The violin lesson was much anticipated.  June’s allowed two activities at a time. This spring I made an exception and let her do three because the running club at her school was practically free (it cost five dollars) and only met for four weeks. But running club, art class, and gymnastics were all long over and until recently we hadn’t signed her up for any summer lessons or classes.  We sometimes don’t because she has day camps half the summer, and that seems like plenty to me, but she really wanted to start violin and tennis and she can be persuasive.

I came in to observe the lesson.  I won’t in the future because June says she would prefer I don’t—“It is a private lesson,” she emphasized to me.  But the teacher encouraged me to come in and I was curious to see what would happen, so I did.  The teacher showed her how to hold the violin and the bow, and she taught her the names of the strings.  Then she had June practice playing each individual string first with the bow, and then plucking them with her fingers.  Next she taught her a simple rhythm, part of “Twinkle, Twinkle, Little Star” and had her play it.  June seemed to like the teacher and was happy to be playing her instrument at the first lesson.  (We’d told her how when Noah took Suzuki violin lessons as a preschooler he had to practice how to stand and how to hold a fake violin for three months before he was allowed to have a real one.) June’s been good about practicing and is looking forward to her second lesson next week.

Friday was Noah’s improv performance. Despite what he said, I thought he did fine.  He wasn’t the best performer there but he was far from the worst. There were a number of different improv games.  The one he played is called “Random Phrases.”  The players are given a location and two items they need to incorporate into a skit (in this case, a big city, teeth and a lava lamp).  On the floor are several folded pieces of paper. At any point in the action a character can pick up a piece of paper, read what it says and try to make the phrase make sense in context. Noah’s phrase was “my ears are full of cheese.” It was pretty entertaining.  I also liked the skits that start in one film or television genre and then switch to another at a cue from a counselor. So a scene about two children losing their mother in the park can go from horror to war movie to romantic comedy to kung fu, etc.  You get the idea.

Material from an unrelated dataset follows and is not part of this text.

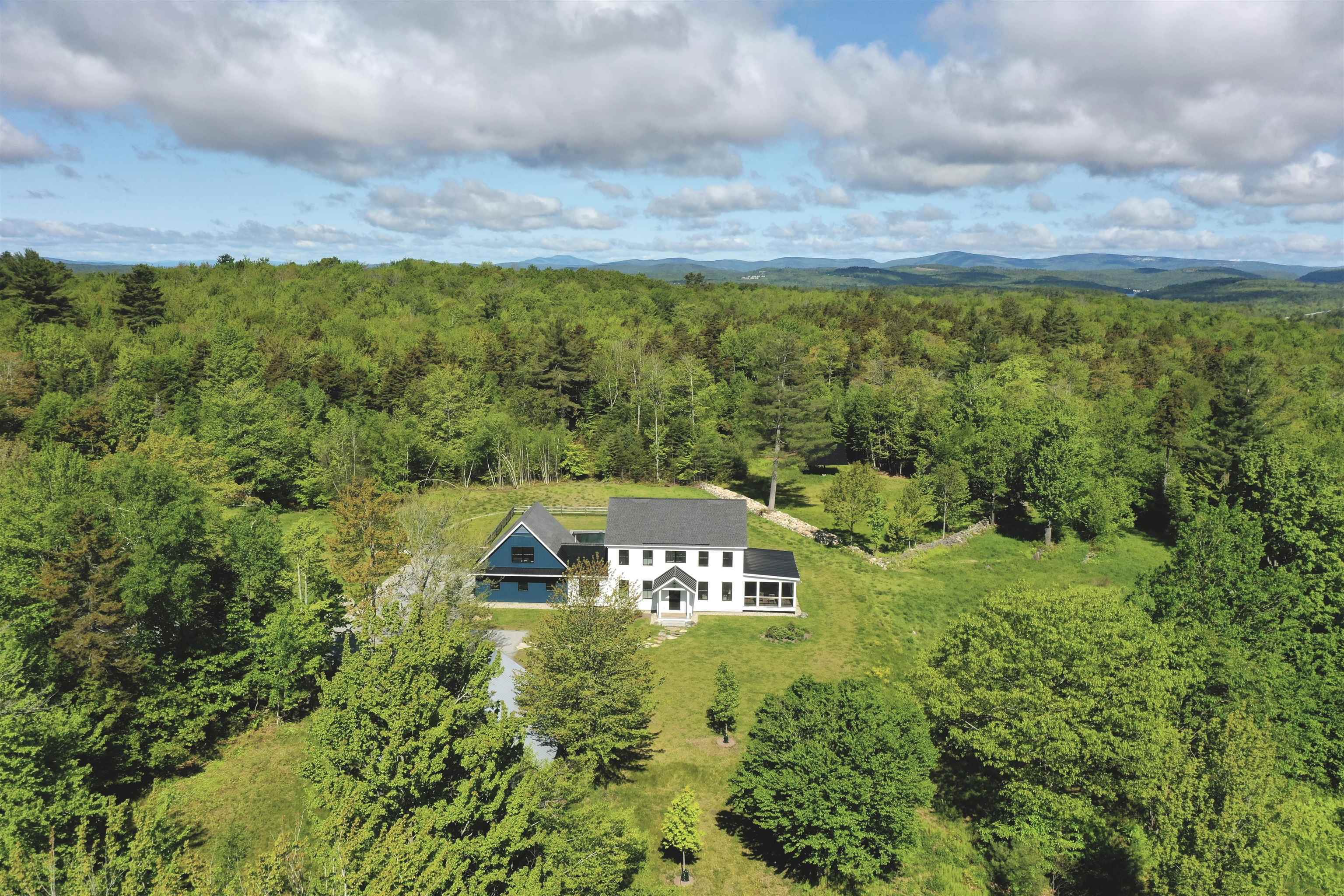 Property Photo: 88 Stonehouse Road NH 03257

After the performance we stopped at the fountain so June could play in it. Noah’s decided he’s too old for this, though in this weather I would have done it in his shoes.  (I considered going in myself, even though there seems to be an unwritten rule about adults not doing this.  Why do kids get all the fun?) Next we had pizza at Zpizza and ice cream at Cold Stone.

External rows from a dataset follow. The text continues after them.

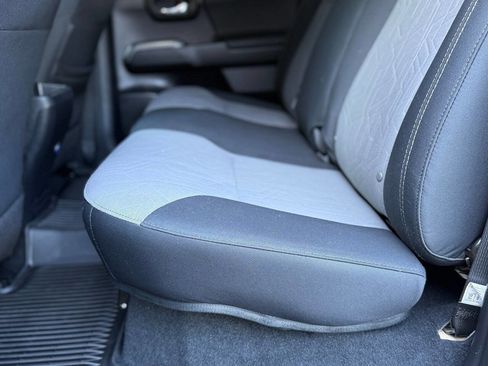 Used 2020 Toyota Tacoma TRD Off-Road w/ Technology Package AWD/4WD image 95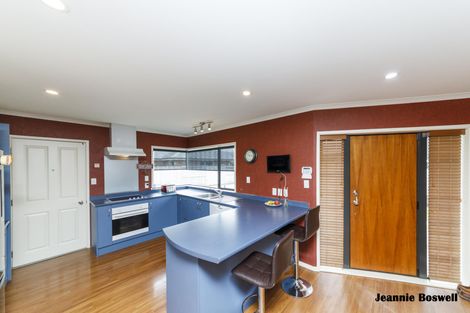 Photo of property in 3 Walnut Grove, Kelvin Grove, Palmerston North, 4414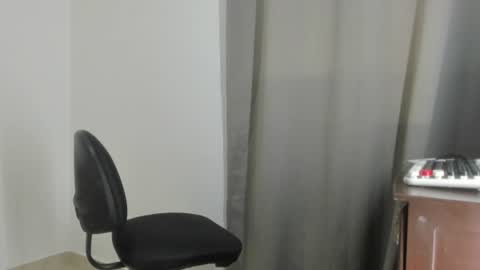 Snapshot of emma_lean chatting on 07-24-26, 11:03 whises lits online show from 07-24-26, 11:03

Saturday we had a very pleasant day.  It was just a smidge cooler (mid-nineties) and better yet we spent the morning on a series of air-conditioned errands.  Tennis was first.  I missed seeing June’s first lesson because it was the morning we left for the beach and there was packing and chores to do. June missed the second lesson while we were at the beach, so this was the third one, for the group anyway.  The lessons are held in a huge white tent, which contains ten tennis courts. Two had kids’ lessons in progress. Adults were playing games on the others.  Most parents wait in the lobby and that’s what Beth did, but June didn’t seem to mind me and Noah coming to sit on the bench in her court and watch. Maybe that was because it wasn’t a private lesson.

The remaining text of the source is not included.